Runtime of aligning 50,000 assembly on all the siRNA sequences took 36 hours. 8 hits were found in the entire database from 8 different bacterial strains. Each time only one siRNA amongst all those possible. This means the probability of an off-target siRNA to be produced is P = 1/(n_siRNA)$. The probability of one being generated is therefore very low.

Figure 3: Graph of total hits respect to the number of sequence obtained

To further the result analysis, we analyzed the strains found as potential off-targets and their geographical localization (as a geographical filter is not included at the moment in the search and download program). Consequently, it appeared that none of the bacteria species and strain found as off-target can be found in Europe : all 8 of them are found in Asia (mainly Korea, Japan an China). This information combined with the low probability of the off-target siRNA sequence being generated gives further reassurance of how specific inteference RNA is toward the BYV.

In case hits were found, depending on their number and localisation, they could be simply taken out of the targetted sequence (making it shorter), or even force the targetted window to switch, to avoid the creation of problematic sequences.

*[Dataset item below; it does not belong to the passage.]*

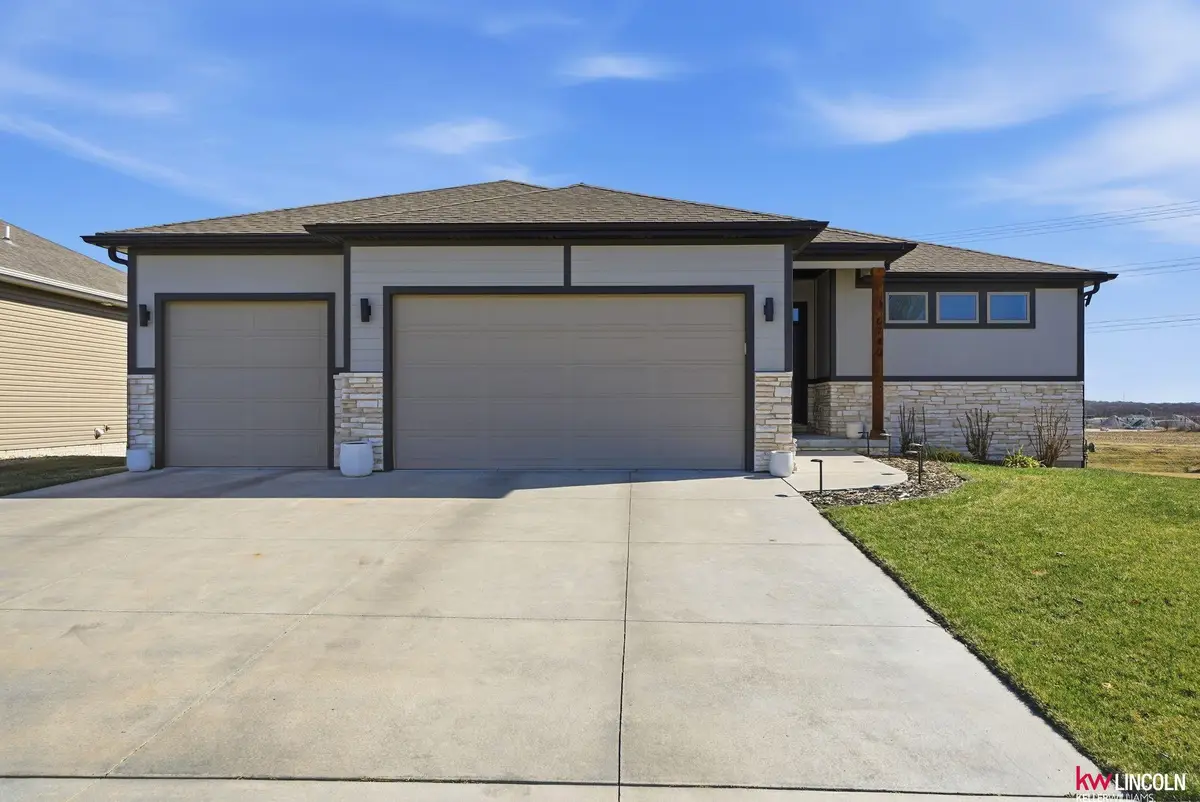 6740 Via Sorrento Drive, Lincoln, NE 68523 - #1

Figure 4: Corrected hits (errors, low quality, species not found in EU or US)

References

[1] Gavrilov K, Saltzman WM. Therapeutic siRNA: principles, challenges, and strategies. Yale J Biol Med. 2012 Jun;85(2):187-200. Epub 2012 Jun 25. PMID: 22737048; PMCID: PMC3375670.
[2] Hu B, Zhong L, Weng Y, Peng L, Huang Y, Zhao Y, Liang XJ. Therapeutic siRNA: state of the art. Signal Transduct Target Ther. 2020 Jun 19;5(1):101. doi: 10.1038/s41392-020-0207-x. PMID: 32561705; PMCID: PMC7305320.
[3] Assembly [Internet]. Bethesda (MD): National Library of Medicine (US), National Center for Biotechnology Information; 2012 – [cited 2024 August 09]. Available from: https://www.ncbi.nlm.nih.gov/assembly/
[4] Camacho, C., Coulouris, G., Avagyan, V., Ma, N., Papadopoulos, J., Bealer, K., and Madden, T.L. 2009. BLAST+: architecture and applications. BMC Bioinformatics, 10, 421.
[5] Kusstatscher P, Zachow C, Harms K, Maier J, Eigner H, Berg G, et al. Microbiome-driven identification of microbial indicators for postharvest diseases of sugar beets. Microbiome. 2019 Dec;7(1):1–12.